Anyone know where I can find 1/24th scale figurines,found a few on E-bay but no companies to buy from.


----------



## gunn

sometimes its right here. google responds to certian words and puts up adds just below the quick reply area. like the word figures triggered 2 responces i see here just below the quick reply area.
ive seen alot of 1/24 figures on e bay along with garage tools also check some of our sponcers to the right of this page. seems like i saw a 10 pack of tools in one of them.
also try our flea market over by the airport bucwheat.
couple weeks ago i was at hobby lobby in the model section and thay had 3 boxes of car trailers all metal.:wave:


----------



## bucwheat

Yea ,I hit the flea market every weekend,you are right about the wording on Ebay.


----------



## djnick66

What kinds of figures? Preiser has some in kit form (G scale RR) and also pre finished. You find a lot of the "Homies" and "Fast Girls" figures for cars, usually pre finished. Modellers, a Japanese company has some resin figures for cars.

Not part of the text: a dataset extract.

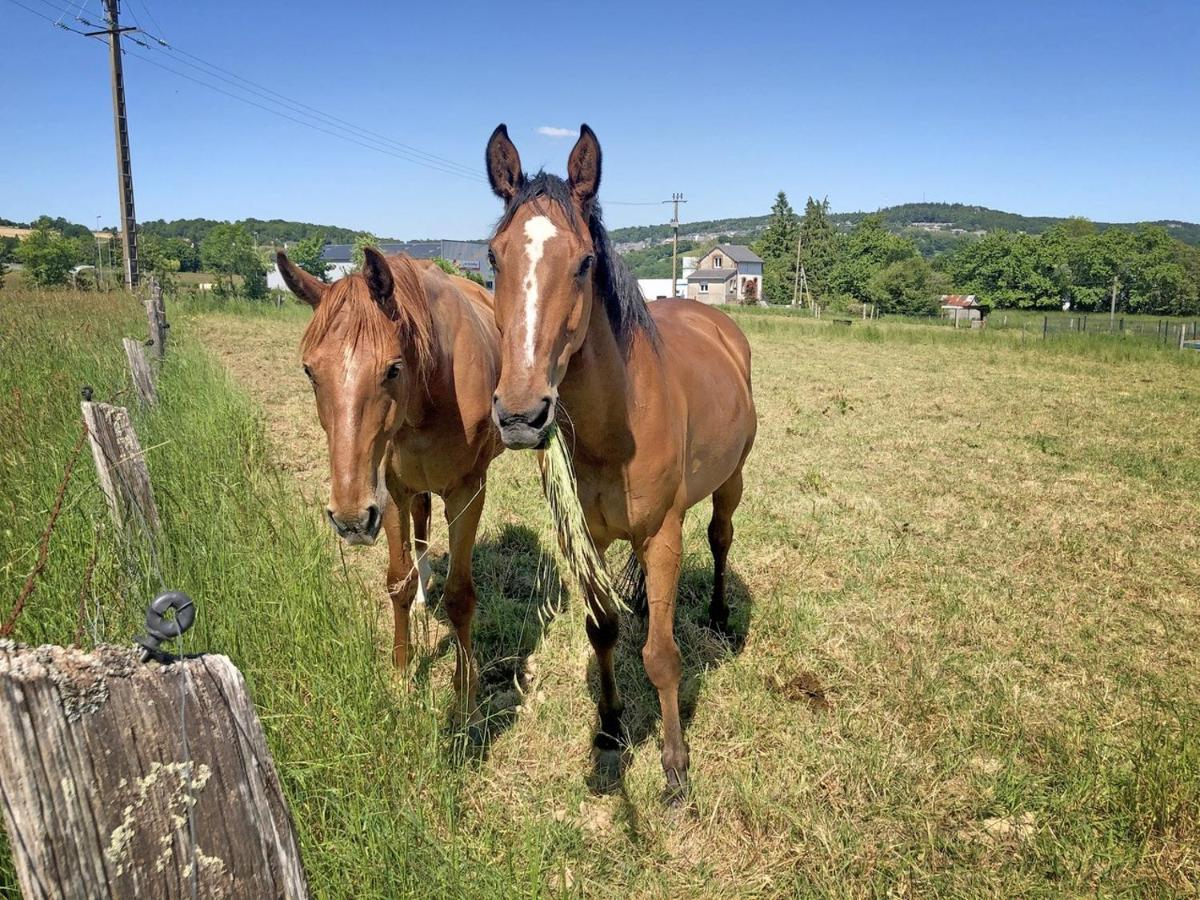 Les Closeaux Phil Mortain-Bocage Exterior foto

Hasegawa and Fujimi have some race car bunnys and drivers. Tamiya used to do a set of college kids named "Campus Friends" that included a little Vespa scooter. Tamiya also has a set of 1/20 race car pit crew. Jimmy Flintstone and Chimneyville offer a random assortment of figures. In Military stuff you will be after 75mm figures. You could check a place like The Red Lancers in Milton, PA for that. They are excellent to deal with. Tamiya did a few 1/24/25 figures in metal and plastic.


----------



## bucwheat

Thank you sir,I am looking for 1/24th scale,I will check out some of these leads.


----------



## gunn

heres a good link i forgot about. parts for 1:24th scale
www.detailmaster.com


----------



## aeryn43

Fujimi and Tamiya both make sets of 1/24 mechanic figures, I have these ready to populate my Chariot and Space Pod, they should still be available in good model shops...


----------



## bucwheat

I bought 12 figures on E-bay this week for 99 cents but the shipping is $15 ,imagine that,anyway hope I will able to use them in my Dioramas.


----------